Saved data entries
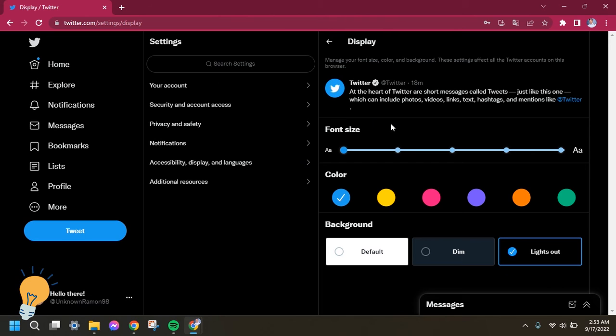And then here, this is the part where you can change the font size of your text in Twitter.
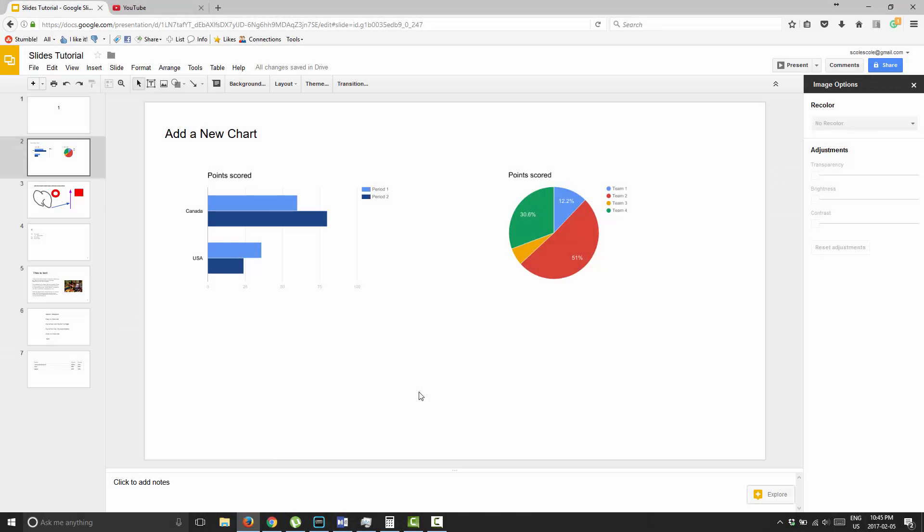Good day and welcome to Google Slides mini tutorials. In this tutorial I'm going to show you how to unlink your charts from the associated Google Sheets spreadsheets that the charts are grabbing their data from.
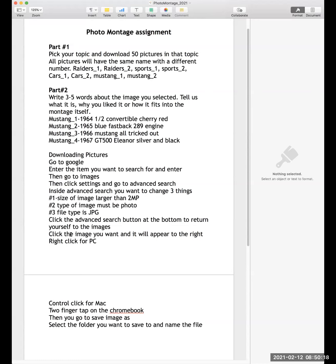At this point right now, all we are going to be doing for homework this weekend is downloading the pictures, getting all 50, and writing the descriptions for all 50. Once you are done with that, you will turn them in and that assignment is due Sunday night.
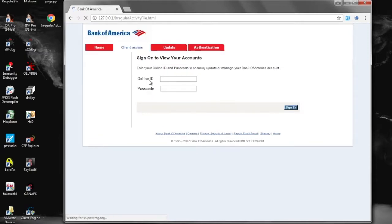So here we see that the HTML file is actually a phishing page meant to look like Bank of America.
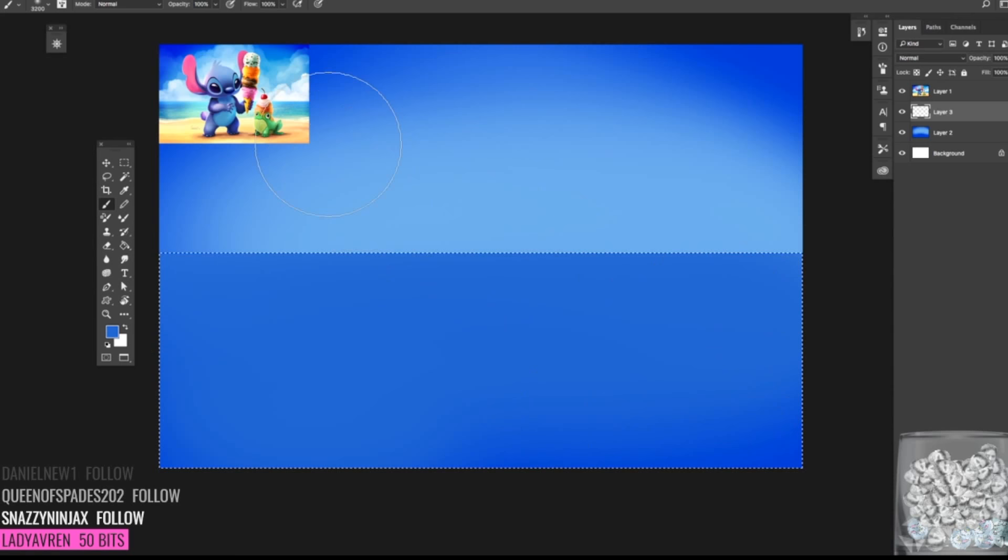And then just kind of make this area here a little darker. Wow, you're done. Amazing. I wish. It's water. All right. So in this little section here, we're going to create the water effect.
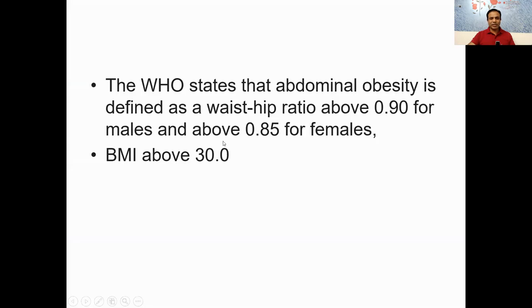According to the WHO, abdominal obesity is defined when the waist-to-hip ratio is more than 0.9 for males and 0.85 for females. So what are you waiting for? Just take the measuring tape, measure your waist and hip circumference, and assess your health — because central abdominal obesity is the main cause of metabolic syndrome. Do it and assess your health right now. Thank you so much.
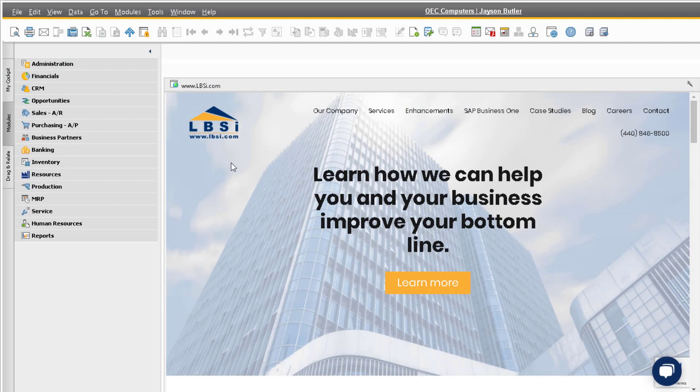We can easily close out the fiscal year in SAP Business One using the Period End Closing Utility, but before we can use this tool, there are a few steps we need to take.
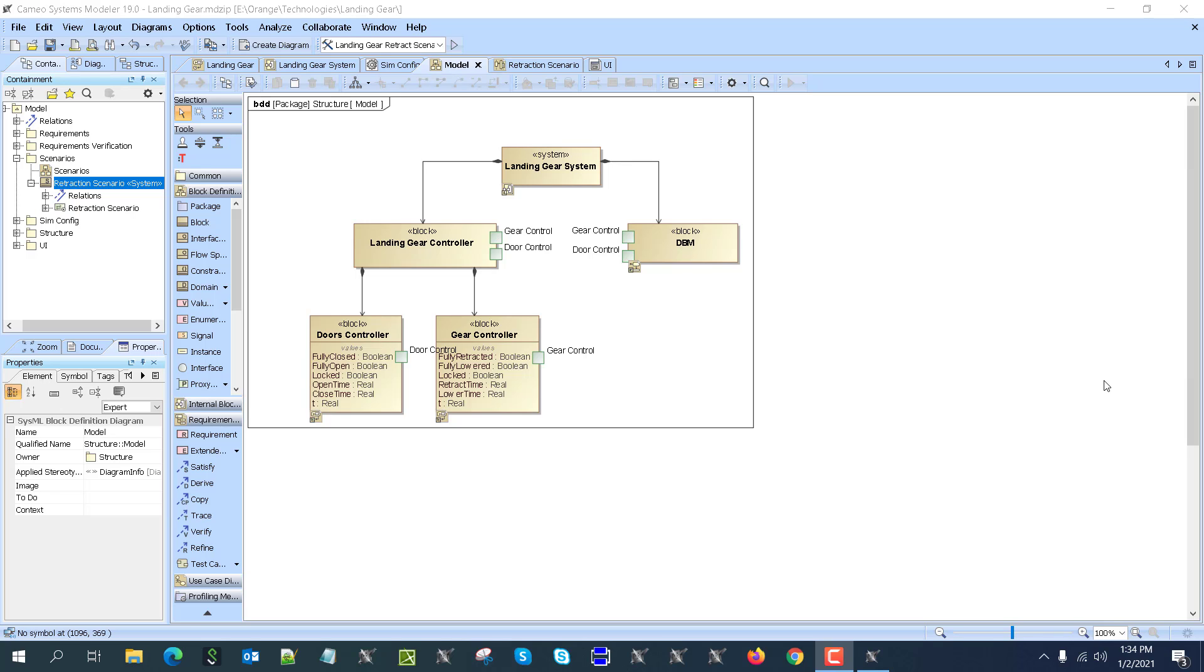Hello, in this video we will demonstrate a landing gear system SysML model.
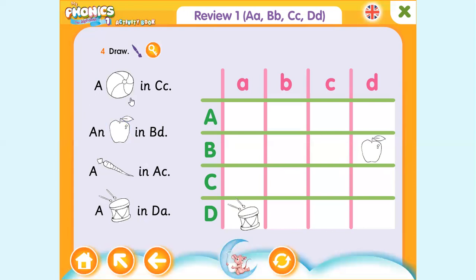So you can draw the ball and the carrots. I hope you've understood this and I hope to see you guys next time.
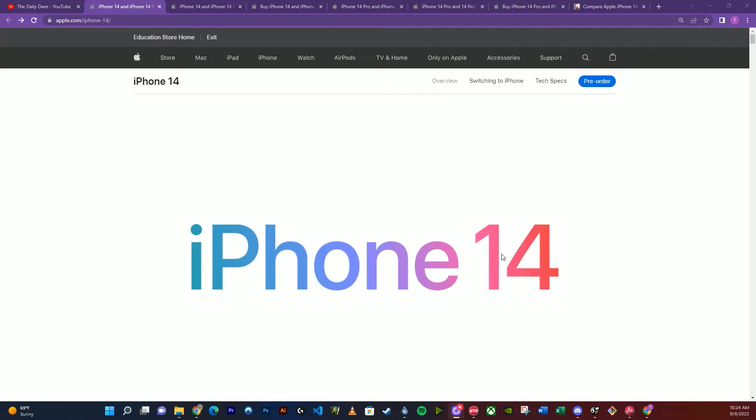We're going to talk about the iPhone 14 and the iPhone 14 Pro. Now there's four iPhones: the 14, the 14 Plus, the 14 Pro, and the 14 Pro Max. The only difference between the bigger sizes is that they're just bigger. There's no hardware differences, camera differences, etc.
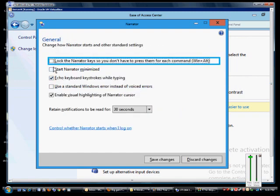We can lock the Narrator key so you don't have to press it for each command. You can click 'Start Narrator minimized' so it doesn't come up with this box. By default you have 'Echo keyboard strokes while typing,' so it will read that to you as you type.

**Exercise**
All of the lines above must be printed again exactly, and no picture may appear in the copy.

**Exercise answer**
And then here, this is the part where you can change the font size of your text in Twitter.
Good day and welcome to Google Slides mini tutorials. In this tutorial I'm going to show you how to unlink your charts from the associated Google Sheets spreadsheets that the charts are grabbing their data from.
At this point right now, all we are going to be doing for homework this weekend is downloading the pictures, getting all 50, and writing the descriptions for all 50. Once you are done with that, you will turn them in and that assignment is due Sunday night.
So here we see that the HTML file is actually a phishing page meant to look like Bank of America.
And then just kind of make this area here a little darker. Wow, you're done. Amazing. I wish. It's water. All right. So in this little section here, we're going to create the water effect.
According to the WHO, abdominal obesity is defined when the waist-to-hip ratio is more than 0.9 for males and 0.85 for females. So what are you waiting for? Just take the measuring tape, measure your waist and hip circumference, and assess your health — because central abdominal obesity is the main cause of metabolic syndrome. Do it and assess your health right now. Thank you so much.
We can easily close out the fiscal year in SAP Business One using the Period End Closing Utility, but before we can use this tool, there are a few steps we need to take.
Hello, in this video we will demonstrate a landing gear system SysML model.
So you can draw the ball and the carrots. I hope you've understood this and I hope to see you guys next time.
We're going to talk about the iPhone 14 and the iPhone 14 Pro. Now there's four iPhones: the 14, the 14 Plus, the 14 Pro, and the 14 Pro Max. The only difference between the bigger sizes is that they're just bigger. There's no hardware differences, camera differences, etc.
We can lock the Narrator key so you don't have to press it for each command. You can click 'Start Narrator minimized' so it doesn't come up with this box. By default you have 'Echo keyboard strokes while typing,' so it will read that to you as you type.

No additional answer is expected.